Evaluation A: Droplet moved 5 cm downward within 60 seconds Evaluation B: Droplet moved 5 cm downward after 60 seconds

(Evaluation of powder adhesion)
The powder (SPF-130MC) was formed into a layer having a thickness of 3 mm, and the film was placed on the layer so as to face the surface of the coating film formed on the coating plate. A weight was placed on the coated plate and compacted at 2000 Pa, then the coated plate was taken out, and the amount of powder remaining when tilted vertically was measured. The amount of residual powder was calculated from the difference in weight of the coated plate after the powder was adhered and before the powder was adhered.

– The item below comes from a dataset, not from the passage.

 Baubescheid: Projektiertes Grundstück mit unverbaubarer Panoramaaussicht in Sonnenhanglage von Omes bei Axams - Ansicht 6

A residual powder amount of 5 mg / m ² or less indicates good powder resistance.

(Examples 30 to 34)
Using the components (A) and (B) shown in Table 1, the coating compositions of Examples 30 to 34 were prepared with the formulations shown in Table 3. In Examples 30 to 32 and 34, the content of the component (D) relative to the sum of the components (A), (B) and (D) was set as follows.
Example 30: content of component (D) 0.02 mol / L
Example 31: (D) component content 8 mass%
Example 32: Content of component (D) 0.1 mol / L
Example 34: (D) component content 10 mass%

＊３：「○」は触媒を配合したことを表し、「−」は触媒を配合しなかったことを表す。

* 3: “◯” represents that the catalyst was blended, and “−” represents that the catalyst was not blended.

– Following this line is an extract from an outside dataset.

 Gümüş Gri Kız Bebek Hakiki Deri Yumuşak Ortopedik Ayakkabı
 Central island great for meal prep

  In Examples 30 to 32, a coating film was formed in the same manner as in Example 9. In Examples 33 and 34, the coated plate was further placed in a desiccator containing 70 mL of 25% aqueous ammonia. And it left still at 50 degreeC for 96 hours, and the coating film was base-treated.

  About the coating film of Example 9, 30-34, the submergence test shown below was done, and the dynamic contact angle before and after the submergence test, the sliding speed of the water droplet, and the sliding speed of the oil droplet were measured and evaluated. Moreover, about the coating film of Examples 30-34, the powder-proof adhesion before a submergence test was also evaluated. These results are also shown in Table 3.

(Submerged test)
The entire coating film was immersed in a beaker filled with ion exchange water and allowed to stand at room temperature for 6 hours.

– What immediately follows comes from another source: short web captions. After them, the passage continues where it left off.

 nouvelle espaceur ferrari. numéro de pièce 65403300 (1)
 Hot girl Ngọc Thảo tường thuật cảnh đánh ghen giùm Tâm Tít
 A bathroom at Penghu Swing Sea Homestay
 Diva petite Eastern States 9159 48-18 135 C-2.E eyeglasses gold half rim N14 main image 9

  ADVANTAGE OF THE INVENTION According to this invention, the coating composition which can form the coating film which has liquid repellency and powder-proof adhesion property can be provided. Moreover, according to this invention, the coating film which has liquid repellency and powder-proof adhesion property can be provided. Moreover, according to the present invention, an article having liquid repellency and powder resistance can be provided.

Claims (3)

(A) Trialkoxyalkylsilane represented by the general formula (R ¹ O) ₃ SiR ² (wherein R ¹ is independently an alkyl group having 1 to 4 carbon atoms, and R ² is carbon An alkyl group of 6 to 16),
And (B) the general formula ^(R 3 _O) (wherein, ^{R 3} are each independently an alkyl group having 1 to 4 carbon atoms) tetraalkoxysilane represented by 4 Si,
(C) inorganic nanoparticles,
(D) a catalyst;
Including
The molar ratio (B) / (A) between (B) and (A) is 0.3 to 200,
The coating composition whose quantity of (C) with respect to the total amount of said (A), (B) and (C) is 0.1-20 mass%.   A coating film formed using the coating composition according to claim 1.   An article having the coating film according to claim 2 on a surface thereof.